A large portion of the discussion focused on how to approach the cost of living adjustment the town plans to offer full-time employees.
Though the budget proposes a 2.5 percent raise across the board, Mayor Mike Ray pointed out that offering a flat $750 raise would be beneficial to more of the town's employees.
"This would help our lower end payroll people more than the 2.5 percent. In my opinion...I'm concerned to get up our lower end people here to make life a little easier for them. My thoughts were to go with the $750. You are going to help more that need the help that way," Ray said.
Town Manager Seth Hendler-Voss suggested the board needs to consider a higher raise for employees who have worked for the town longer and who have gone the extra mile to take education classes or achieve further certification. The 2.5 percent raise would achieve that.
"We need to look after our long-term employees as well," Hendler-Voss said. "You have to be able to attract new employees, but you can't lose those that have all the knowledge."
The mayor also pointed out that long term employees have been grandfathered in to continue receiving insurance benefits for dependents. But newer employees are no longer offered that luxury.
The board discussed looking at the feasibility of making sure every employee receives at least $750 raise, but perhaps a percentage based raise could go to longterm employees.

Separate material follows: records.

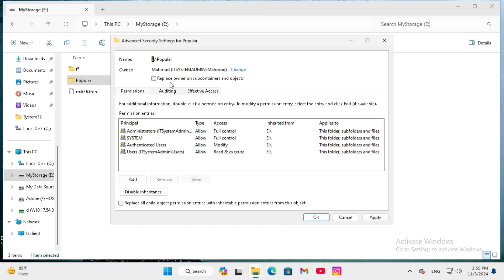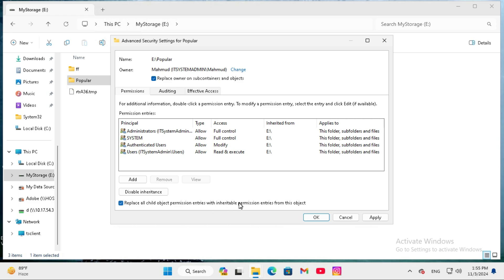Now click on replace owner on subcontainers and objects, and then click on replace all child object permission entries with inheritable permission entries from this object.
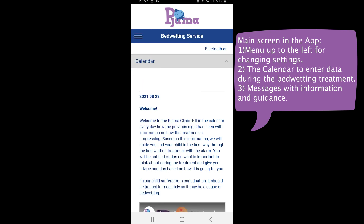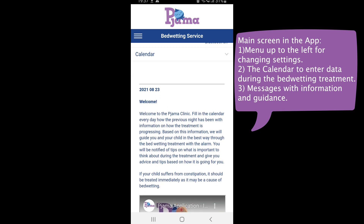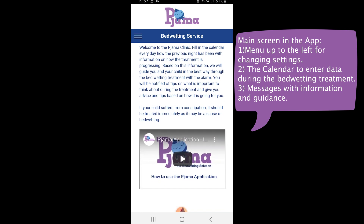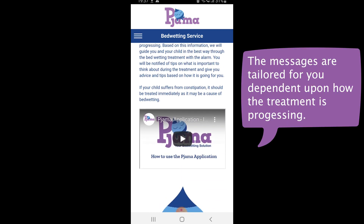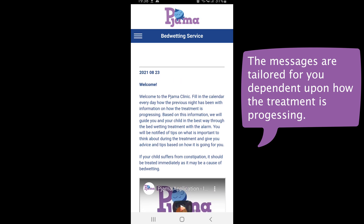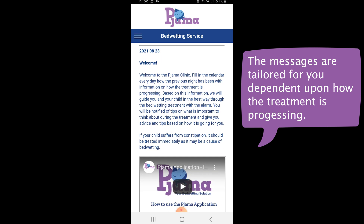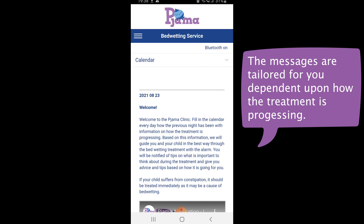The second function is a calendar where data is entered during the bedwetting treatment. And third, we have a section with different messages that are sent to you during the treatment process. These messages are based upon the information that you will enter in the calendar. The information entered is analyzed and you will receive tailored messages that will guide you through the bedwetting treatment with the bedwetting alarm in the best way.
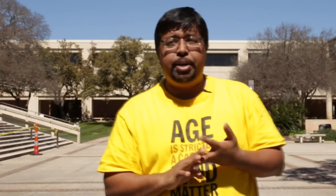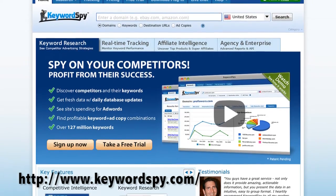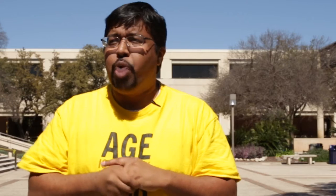Number three: Keyword Spy. This is another third-party company. They do have a free version and a paid version. One of the cool features I like about it — if you want to look at your competitor and find out what kind of Google AdWords they use, you can find it through Keyword Spy.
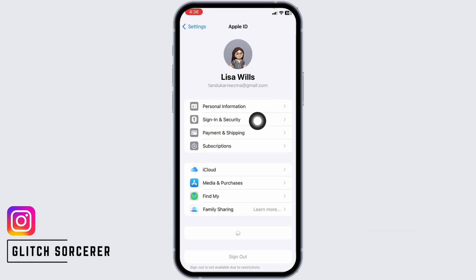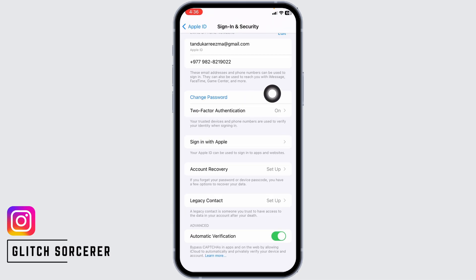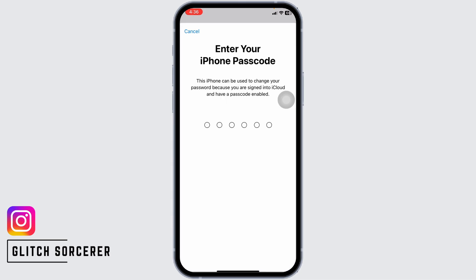Now, head towards the option of Sign In and Security and open it. You will see the option of Change Password. Click on it. Now, enter your phone's passcode and continue with the process to change the password.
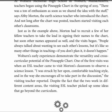Here's a quote: There was a ton of enthusiasm as soon as we shared the idea with staff, says Abby Morton, Earth Science teacher who introduced the chart. And not long after the chart was posted, teachers started visiting each other's classrooms. The things in the prior sections of the chapter are illustrated in this example. People say, I want to know someone has done this.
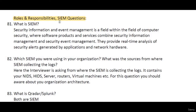In this video we will talk about roles and responsibilities and SIEM questions. Whenever you are going for an interview, the interviewer is definitely going to ask questions related to your roles and responsibilities — this is 100% certain. It's very rare that the interviewer won't ask about roles and responsibilities. From 50 samples collected from seniors and juniors, roles and responsibilities was the main repeated question.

The board agreed to table the decision on the cost of living adjustment until they can explore the best options to help all employees.
"The board and staff are working together to crunch some numbers on this," Hendler-Voss said during the budget hearing. "This is a complicated process because we want to get it right. We want to make sure that everyone is compensated equitably and that we can afford it."

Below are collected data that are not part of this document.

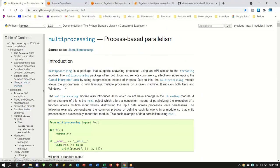Welcome to another Chameleon Metadata educational tutorial. Today we're going to talk about multiprocessing. We're going to use a very simple Excel spreadsheet that is also highly compute-intensive when we write a program to do a nested loop through it.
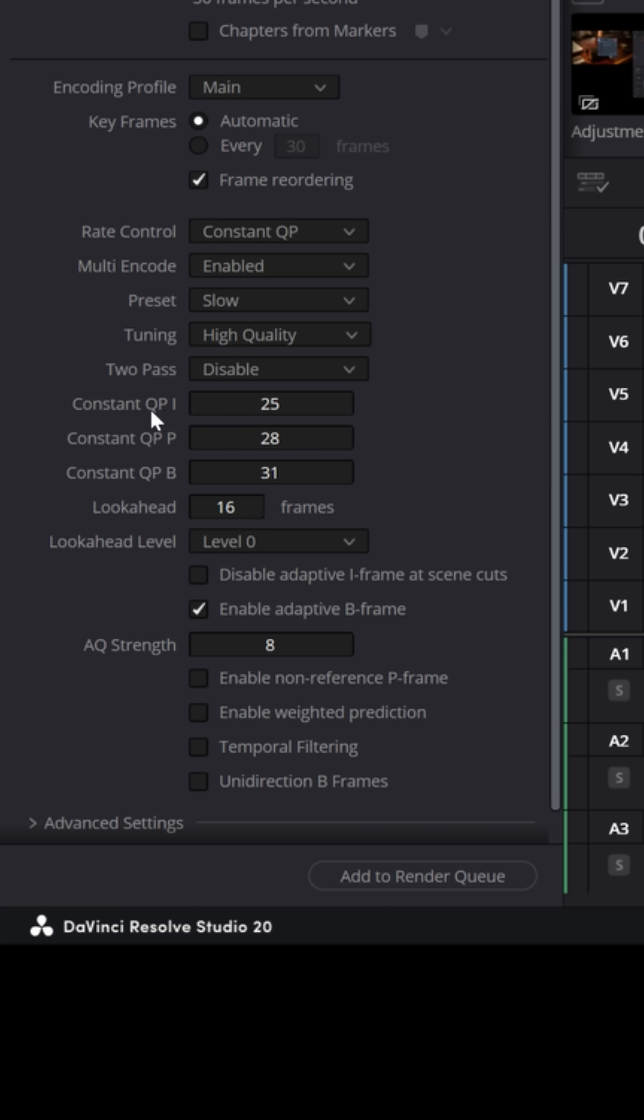And if you want to find some settings that give you high quality but lower export sizes, I would recommend a very simple formula. Set the QPI for 22, set the QPP for 23, and set the QPB for 24.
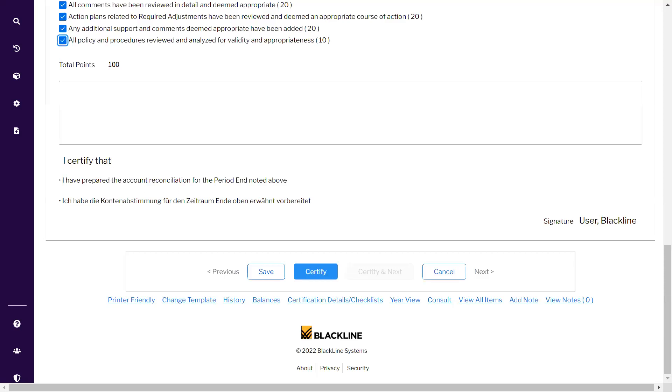You can see that the Certify button is enabled, which was not enabled earlier. Once the unidentified difference is zero from 100%, and once all these supporting line items have been created, the user can click to certify. In this way, your reconciliation is completed.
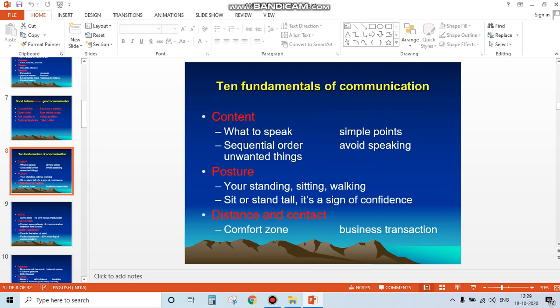Content means what we speak - simple points in sequential order, avoiding unwanted things. It's important to know what you need to say. Use simple language, create simple points, and explain them to your audience in sequential order: what comes first, what comes next, and so on.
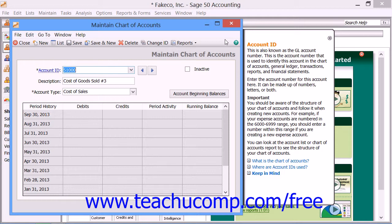As long as there are no transactions assigned to an account, and the account is also not set as a default account for any items, vendors, or customers within your company file, you can delete it from the chart of accounts.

In a different topic, Ray questioned the need for the police department to build a new firing range at a cost of about $10,000.
For the past 30 years, the department has used a firing range that was built on property owned by the mill. However, Evergreen Packaging recently announced plans to build a new landfill cell where the firing range was located.
The proposed new firing range would be built at the town's old landfill property on Dutch Cove Road.
Police Chief Bryan Whitner, who was in attendance, said it would be beneficial for the department to have its own firing range in town rather than having to travel to a different town, such as Waynesville. If the department used another firing range in a different town, there would likely be a fee and liability constraints, Whitner said.
Officers are currently required to be certified with firearms annually, but having a town firing range would allow officers to train on their own time as well, without having to worry about scheduling a time at another firing range.
Ray argued against spending money to build a new firing range if it is only needed once a year for certification. He pointed out that the money could possibly go toward raises for employees.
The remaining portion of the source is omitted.